• _EXERCISE PROMPT_: Could you return all of the entries below exactly, minus the pictures?

• _ENTRIES SHOWN_:
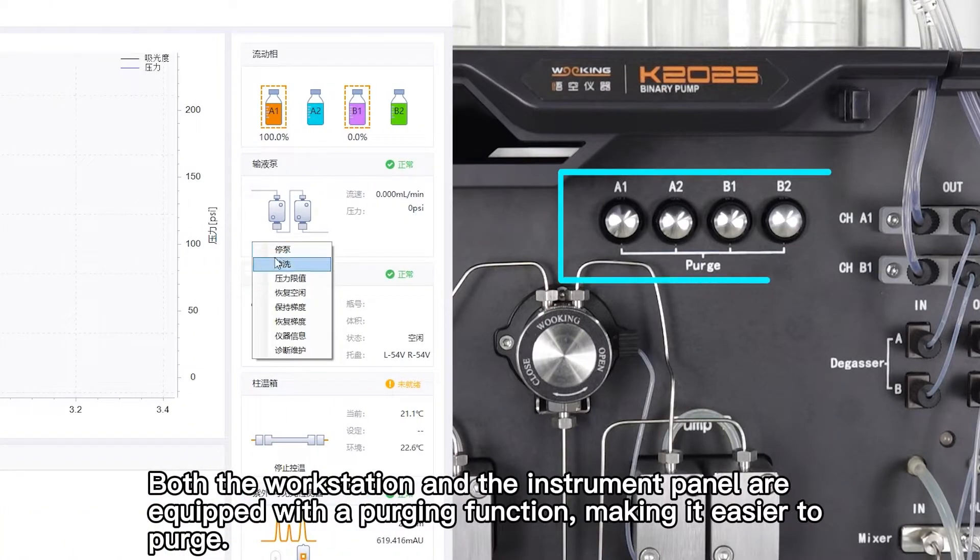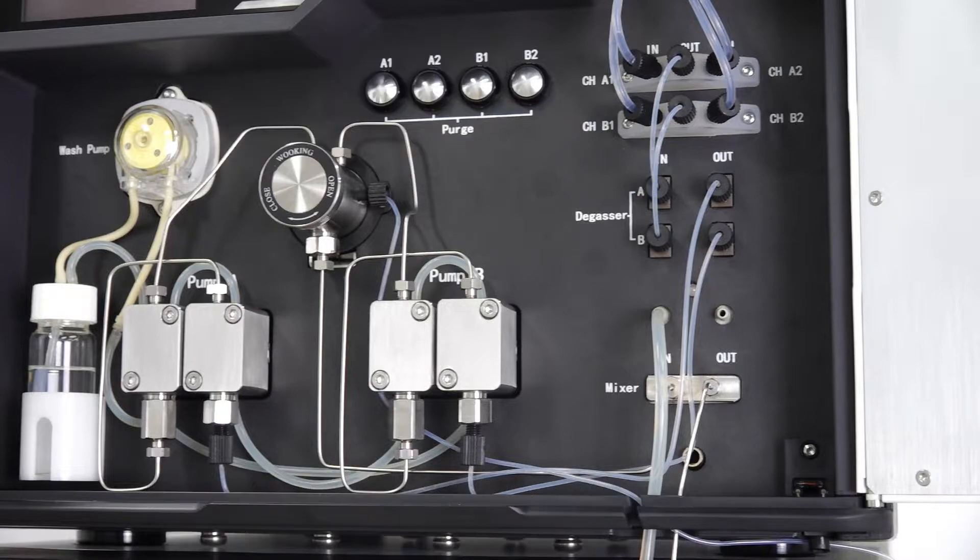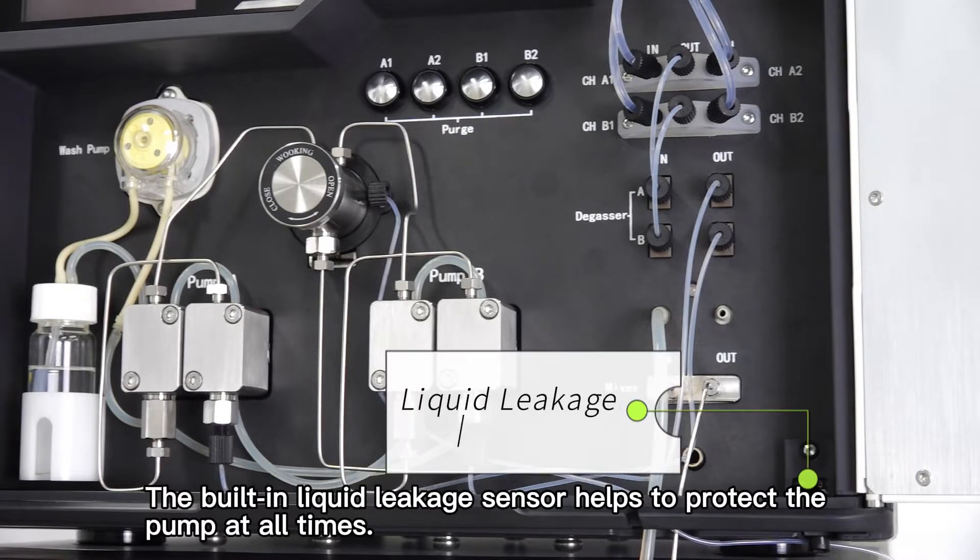Both the workstation and the instrument panel are equipped with a purging function, making it easier to purge. The solvent is degassed online, which can effectively improve the stability of the pump. The built-in liquid leakage sensor helps to protect the pump at all times.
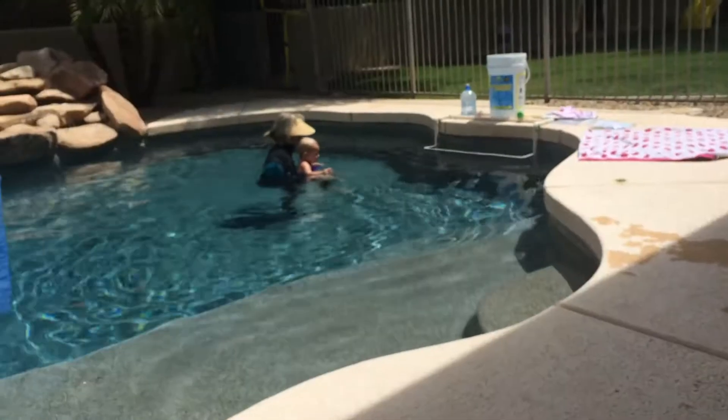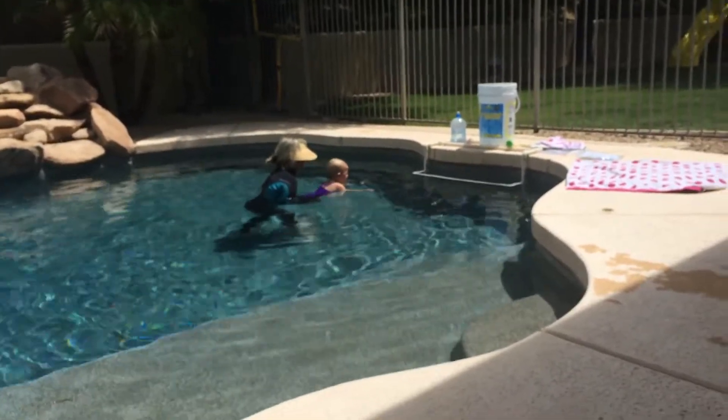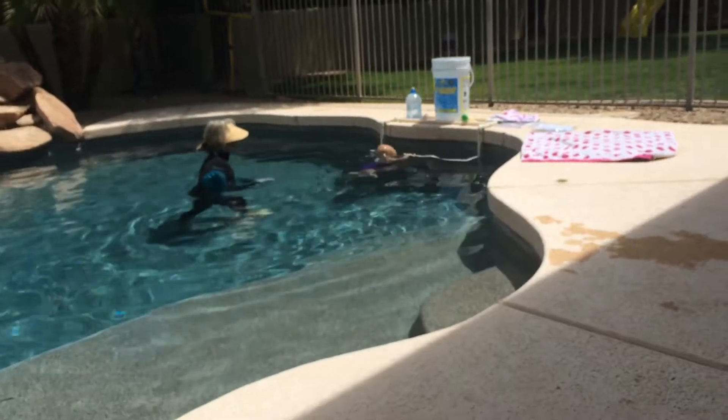So a couple things about this. Look at my bark. See, that's a great swim. That was good.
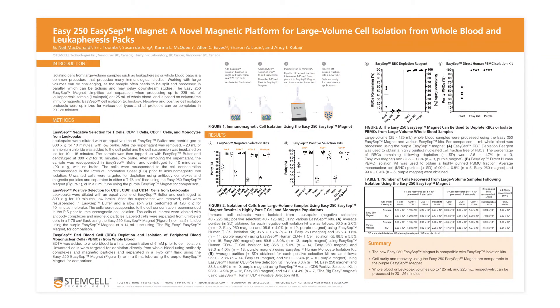Hello, my name is Eric Toomes. I'm a Senior Research Technologist in Research and Development at Stem Cell Technologies. Today, I will present a scientific poster entitled EZ250 EZSEP Magnet, a novel magnetic platform for large volume cell isolation from whole blood and leukapheresis packs.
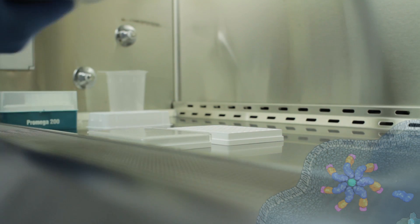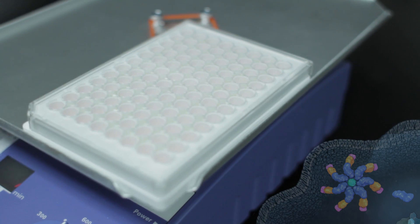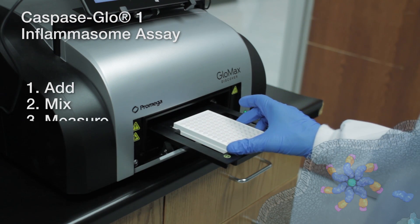The protocol is easy and straightforward, involving only three steps: add, mix, and measure.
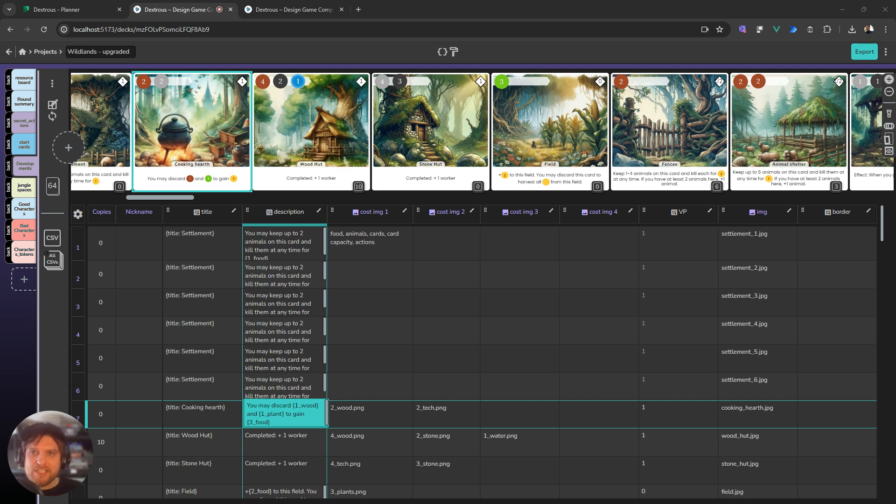We've just finished some big features for Dextrous and I'm super excited to show you what we've made. The biggest thing that we've done is we have changed how the component editor looks. We have tried to really optimize the vertical spacing of everything so you can see the cards and the table here take up most of the space, and the component tabs are over here on the left.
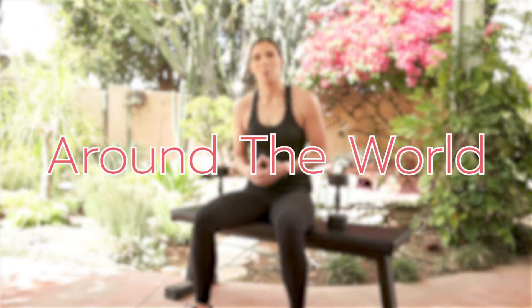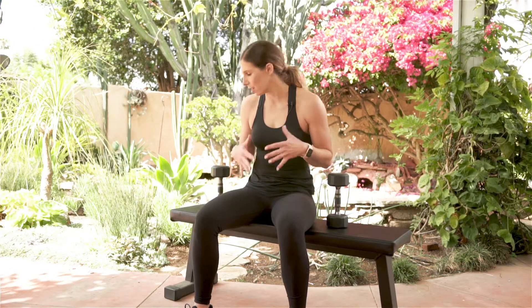Hey, it's Amber from Biceps After Babies and I'm going to teach you how to perform an Around the World. When focusing on the chest, with most chest exercises you're going to want a bench. You can try to perform this on the ground, but you'll have a little bit more room with a bench. I'm going to perform mine on a bench.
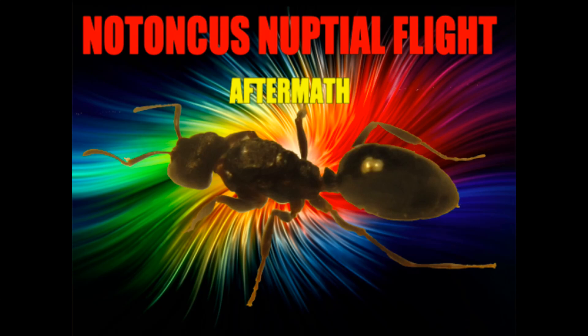Hey guys, so a few days ago I posted a video about a massive Natoncas snubbill flight. Well, the flight is finally over and I finally have time to do an aftermath video. In this video, I will be talking about Natoncas, the genus itself, and then I'll be showing you guys how many queens I caught.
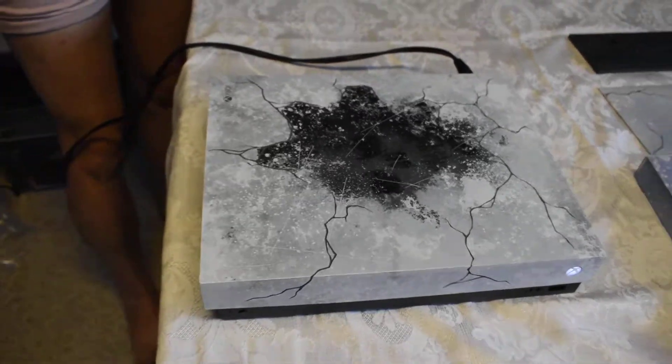So yeah, that's the Gears of War console. Hopefully this went way better and I can post it. Thanks guys.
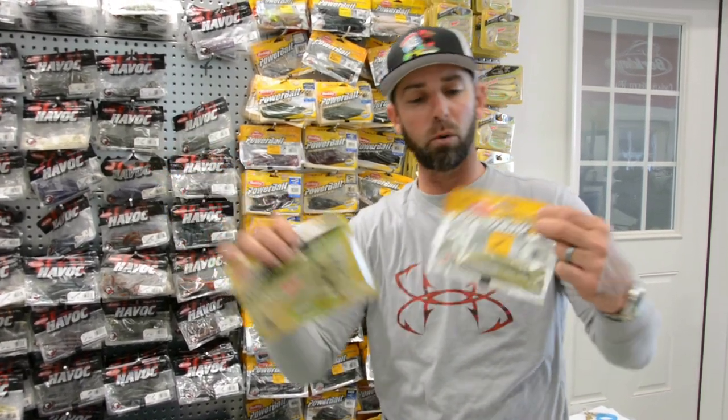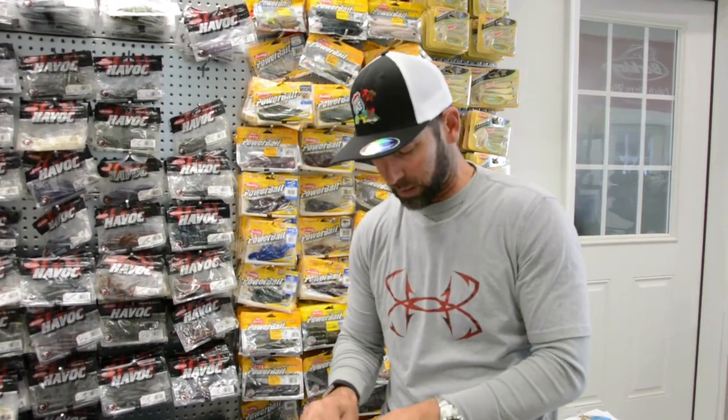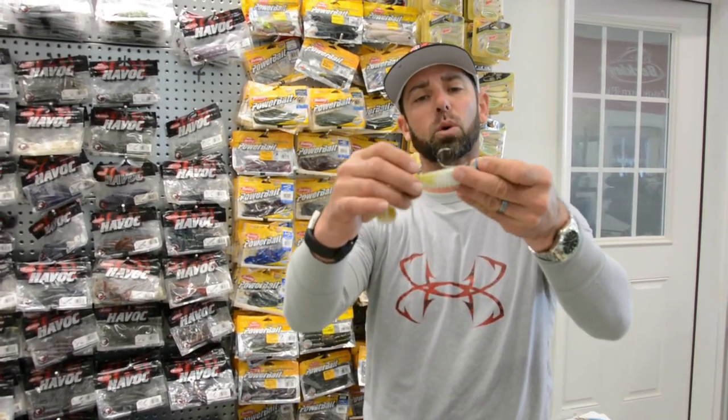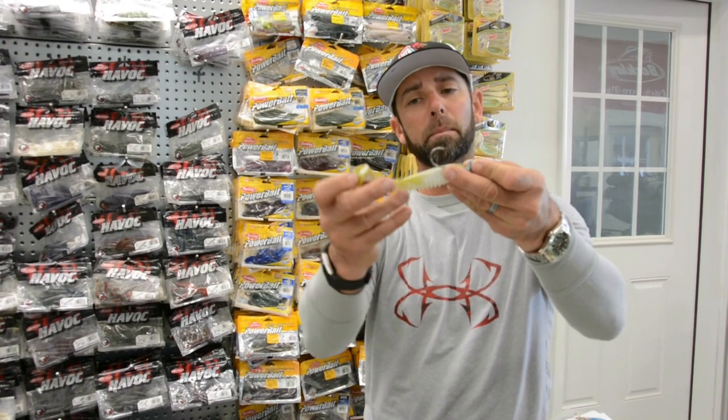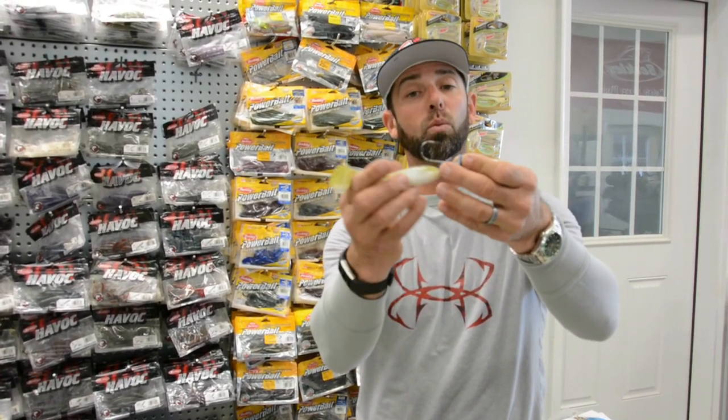The bait we used was very similar to traditional bass baits. We used soft bodied boot tail style swim baits, a lot like a Berkeley Hollow Belly or a lot like the Berkeley Rib Shad. The rigging was the same, and if you see in the video, you'll notice the one thing when we rigged them — we wanted to make sure that the boot tail was facing the opposite way of the hook.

• _WRITTEN ANSWER_:
Both the workstation and the instrument panel are equipped with a purging function, making it easier to purge. The solvent is degassed online, which can effectively improve the stability of the pump. The built-in liquid leakage sensor helps to protect the pump at all times.
So a couple things about this. Look at my bark. See, that's a great swim. That was good.
Hello, my name is Eric Toomes. I'm a Senior Research Technologist in Research and Development at Stem Cell Technologies. Today, I will present a scientific poster entitled EZ250 EZSEP Magnet, a novel magnetic platform for large volume cell isolation from whole blood and leukapheresis packs.
The protocol is easy and straightforward, involving only three steps: add, mix, and measure.
We've just finished some big features for Dextrous and I'm super excited to show you what we've made. The biggest thing that we've done is we have changed how the component editor looks. We have tried to really optimize the vertical spacing of everything so you can see the cards and the table here take up most of the space, and the component tabs are over here on the left.
Hey, it's Amber from Biceps After Babies and I'm going to teach you how to perform an Around the World. When focusing on the chest, with most chest exercises you're going to want a bench. You can try to perform this on the ground, but you'll have a little bit more room with a bench. I'm going to perform mine on a bench.
Hey guys, so a few days ago I posted a video about a massive Natoncas snubbill flight. Well, the flight is finally over and I finally have time to do an aftermath video. In this video, I will be talking about Natoncas, the genus itself, and then I'll be showing you guys how many queens I caught.
So yeah, that's the Gears of War console. Hopefully this went way better and I can post it. Thanks guys.
The bait we used was very similar to traditional bass baits. We used soft bodied boot tail style swim baits, a lot like a Berkeley Hollow Belly or a lot like the Berkeley Rib Shad. The rigging was the same, and if you see in the video, you'll notice the one thing when we rigged them — we wanted to make sure that the boot tail was facing the opposite way of the hook.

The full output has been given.